#### Available data ####

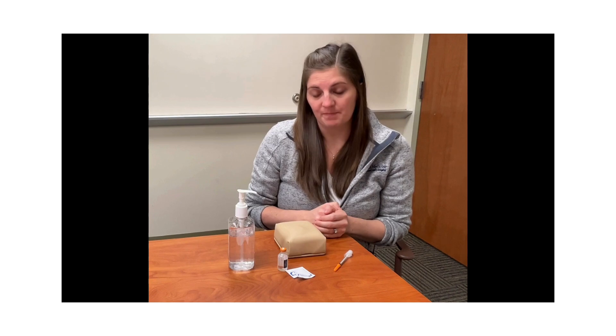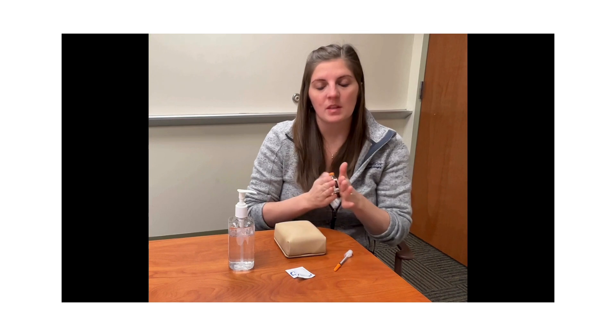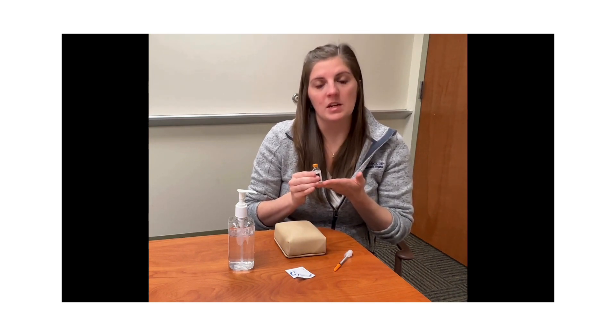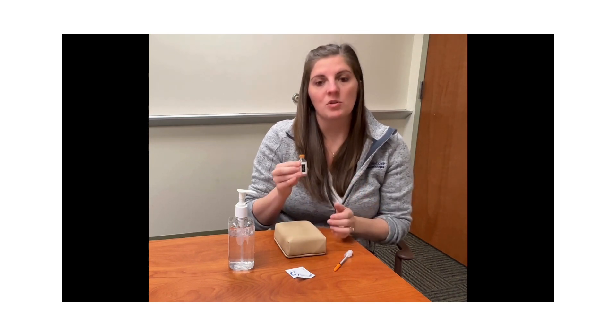If the insulin within your vial is cloudy, you will need to pick it up and gently roll it to make sure that you mix the insulin within your vial. If your vial has clear insulin, you do not need to mix.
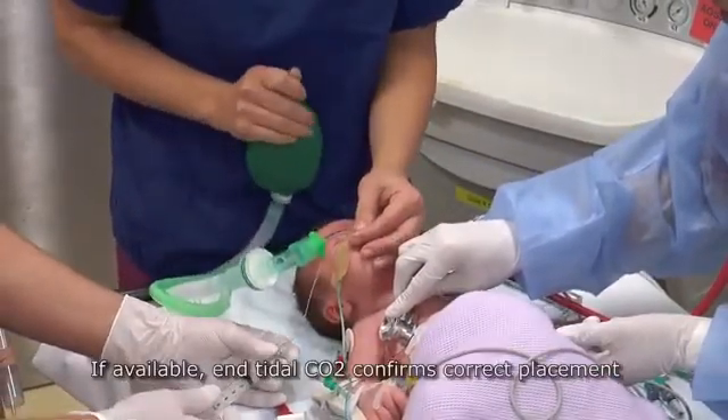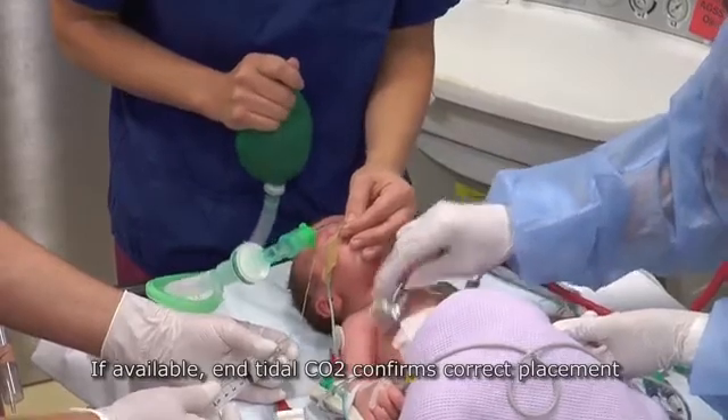If available, end-tidal carbon dioxide confirms correct placement.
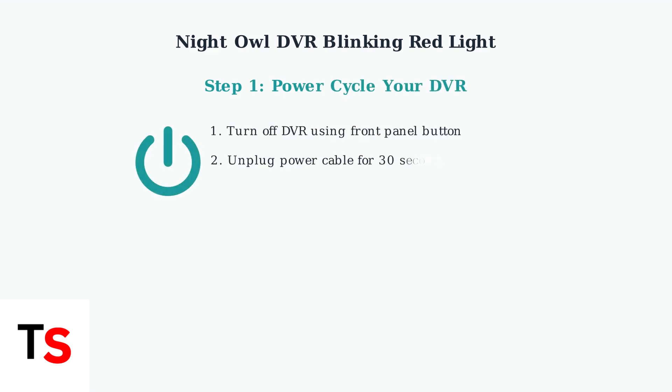Let's go through the basic troubleshooting steps. First, try power cycling your DVR. Turn it off using the front panel button, unplug it from power for 30 seconds, then plug it back in and turn it on.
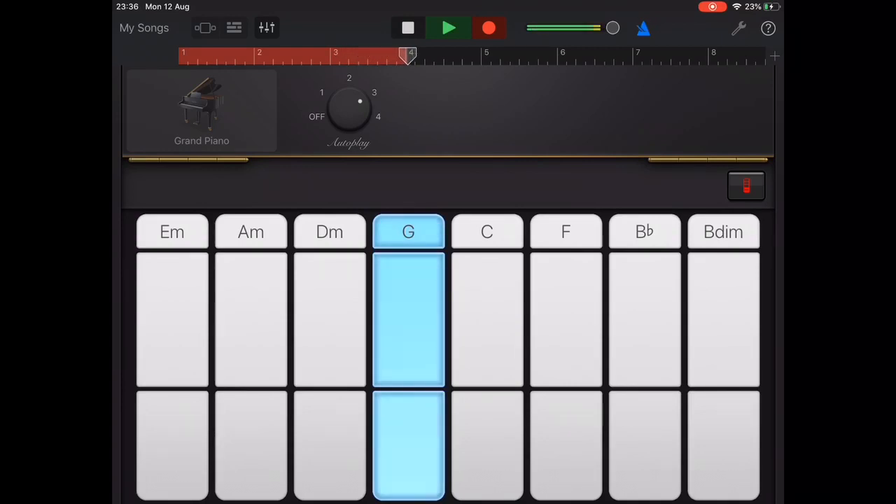For example: 1, 2, 3, 4, tap — and now you should notice that all of the chords change perfectly in time.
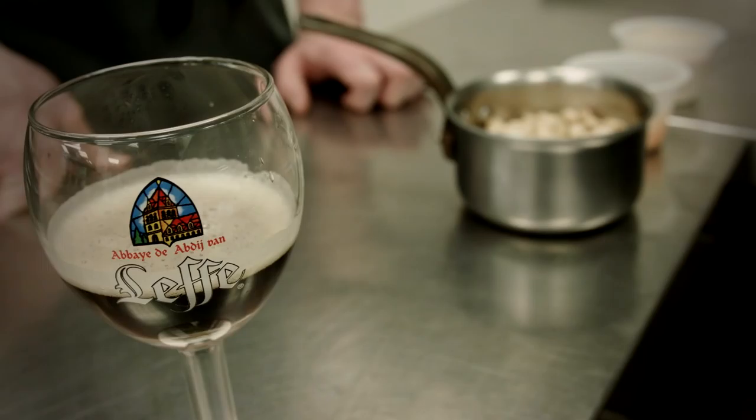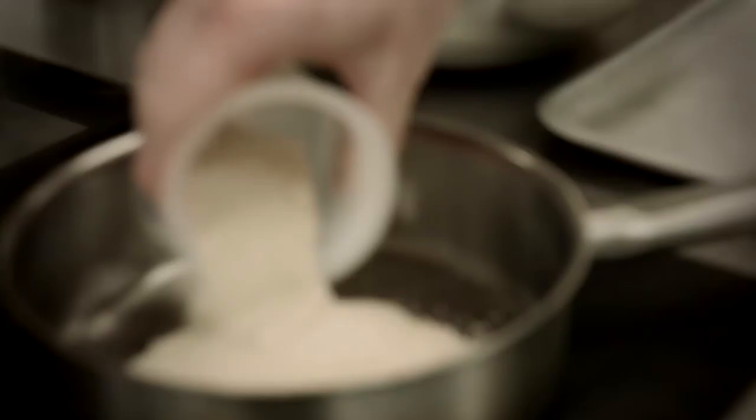For my beer nuts recipe, you take Lefbrun beer and soak some peanuts overnight. Once that's done, you drain them. You take some caster sugar, some more Lefbrun, and your soaked peanuts into a pan and heat on the stove. The mixture will bubble and what you're trying to do is eliminate all of the liquid.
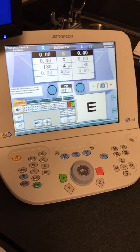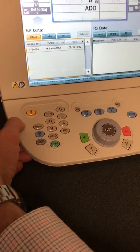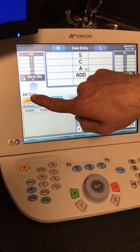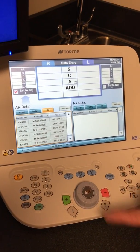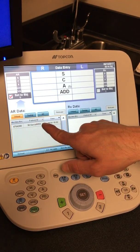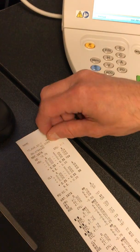Once the screen is set up, it will look like this, and to upload the autorefractor data, you have to hit this blue IN button. Once you hit that blue IN button, it gives you this information here. It will give you all the autorefractor data done in the last hour, all the ones done today, or all of them done from the beginning of time. So we keep it on the one hour, and match up the patient ID number with the one listed on the patient printout form.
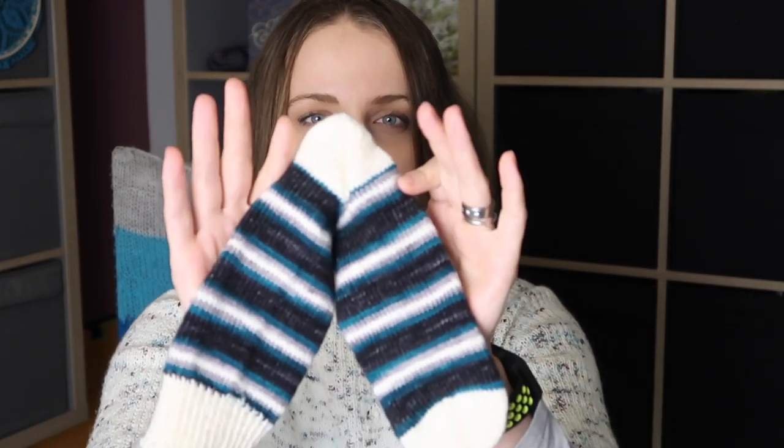Now, how these socks were knitted: they were knitted, I presume, on 2.25mm needles, US size one. They were knitted from the toe up. I'm not sure whether they were knitted two-at-a-time or separately, and I'm not sure what kind of increases were made, but I think maybe make-one-left and make-one-right. Going up, what we see here is a fish lips kiss heel. I've knitted fish lips kiss heel myself, so if you go to my socks playlist you may see socks knitted that way.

####

Problem statement. Return all the records above exactly, pictures omitted.

Reply to the task.
If the insulin within your vial is cloudy, you will need to pick it up and gently roll it to make sure that you mix the insulin within your vial. If your vial has clear insulin, you do not need to mix.
If available, end-tidal carbon dioxide confirms correct placement.
Let's go through the basic troubleshooting steps. First, try power cycling your DVR. Turn it off using the front panel button, unplug it from power for 30 seconds, then plug it back in and turn it on.
For example: 1, 2, 3, 4, tap — and now you should notice that all of the chords change perfectly in time.
For my beer nuts recipe, you take Lefbrun beer and soak some peanuts overnight. Once that's done, you drain them. You take some caster sugar, some more Lefbrun, and your soaked peanuts into a pan and heat on the stove. The mixture will bubble and what you're trying to do is eliminate all of the liquid.
Once the screen is set up, it will look like this, and to upload the autorefractor data, you have to hit this blue IN button. Once you hit that blue IN button, it gives you this information here. It will give you all the autorefractor data done in the last hour, all the ones done today, or all of them done from the beginning of time. So we keep it on the one hour, and match up the patient ID number with the one listed on the patient printout form.
Now, how these socks were knitted: they were knitted, I presume, on 2.25mm needles, US size one. They were knitted from the toe up. I'm not sure whether they were knitted two-at-a-time or separately, and I'm not sure what kind of increases were made, but I think maybe make-one-left and make-one-right. Going up, what we see here is a fish lips kiss heel. I've knitted fish lips kiss heel myself, so if you go to my socks playlist you may see socks knitted that way.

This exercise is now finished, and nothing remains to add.